Senior Site Reliability Engineer
EPAM Systems
Senior Site Reliability Engineer Description
We are in search of a committed Senior Site Reliability Engineer to improve the dependability and automation processes of our infrastructure.
The perfect candidate excels at resolving issues on platforms, adept in automating development and deployment tasks, and has strong troubleshooting skills. Responsibilities include participation in sprint planning, story grooming, and engaging in technical discussions aimed at enhancing our application and deployment methods.

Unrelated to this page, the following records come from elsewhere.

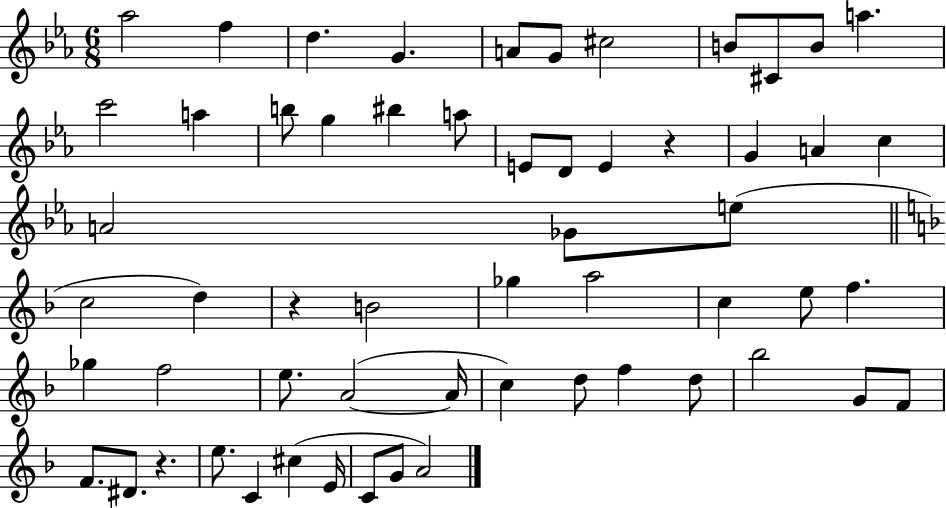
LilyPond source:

{
  \clef treble
  \numericTimeSignature
  \time 6/8
  \key ees \major
  aes''2 f''4 | d''4. g'4. | a'8 g'8 cis''2 | b'8 cis'8 b'8 a''4. | \break c'''2 a''4 | b''8 g''4 bis''4 a''8 | e'8 d'8 e'4 r4 | g'4 a'4 c''4 | \break a'2 ges'8 e''8( | \bar "||" \break \key f \major c''2 d''4) | r4 b'2 | ges''4 a''2 | c''4 e''8 f''4. | \break ges''4 f''2 | e''8. a'2~(~ a'16 | c''4) d''8 f''4 d''8 | bes''2 g'8 f'8 | \break f'8. dis'8. r4. | e''8. c'4 cis''4( e'16 | c'8 g'8 a'2) | \bar "|."
}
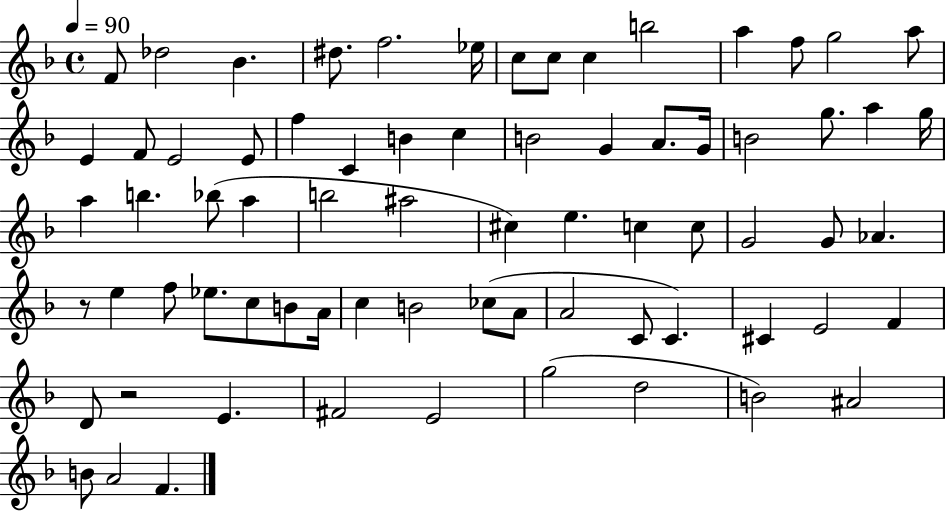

EPAM is a leading global provider of digital platform engineering and development services. We are committed to having a positive impact on our customers, our employees, and our communities. We embrace a dynamic and inclusive culture. Here you will collaborate with multi-national teams, contribute to a myriad of innovative projects that deliver the most creative and cutting-edge solutions, and have an opportunity to continuously learn and grow. No matter where you are located, you will join a dedicated, creative, and diverse community that will help you discover your fullest potential.
#LI-DNI
Technologies
- Node.js/NestJS
- React Native
- Python/Django
- PostgreSQL, Redis
- CircleCI, Spinnaker, Expo
- AWS
- Datadog
Responsibilities
- Investigate and address issues across our platform
- Develop, analyze, and boost automation of deployments independently
- Craft scripts that automate various tasks
- Participate actively in sprint meetings and partake in technical conversations
- Monitor a production-level APM, like Datadog, and relay critical insights to the team
- Oversee the collection and analysis of application logs
- Address application and instances alerts regarding site reliability
- Engage in infrastructure architecture discussions during technical meetings
- Maintain essential applications and libraries for the platform
- Manage servers and methods for application code deployment
- Guide and support other engineers
- Conduct code reviews
Requirements
- 3+ years of managing production applications workload in AWS Cloud
- Understanding of public Cloud networks and VPC peering
- Skills in cloud computing, including EC2, SNS/SQS, and RDS
- Proficiency using container and orchestration technologies such as Docker, Kubernetes, EKS
- Background in managing technologies at scale like Elasticsearch, PostgreSQL, Redis
- Proficiency in provisioning and managing configurations using Terraform, Ansible
- Competency in administration of Linux or Windows server
- Knowledge of various scripting languages including Python, Groovy, PowerShell, or Ruby
- Flexibility in integrating monitoring, logging, and alerting into development processes
- Ability to troubleshoot complex issues in collaboration with peers
- Ability to adapt swiftly to changing requirements and priorities
- Fluent English communication skills at a B2+ level
Nice to have
- Experience with monitoring tools like Datadog
- Background in maintaining compliance with HIPAA and other regulatory standards
We offer
- Connectivity Bonus (15,000 ARS are paid with a salary receipt at the end of each month as a non-wages concept)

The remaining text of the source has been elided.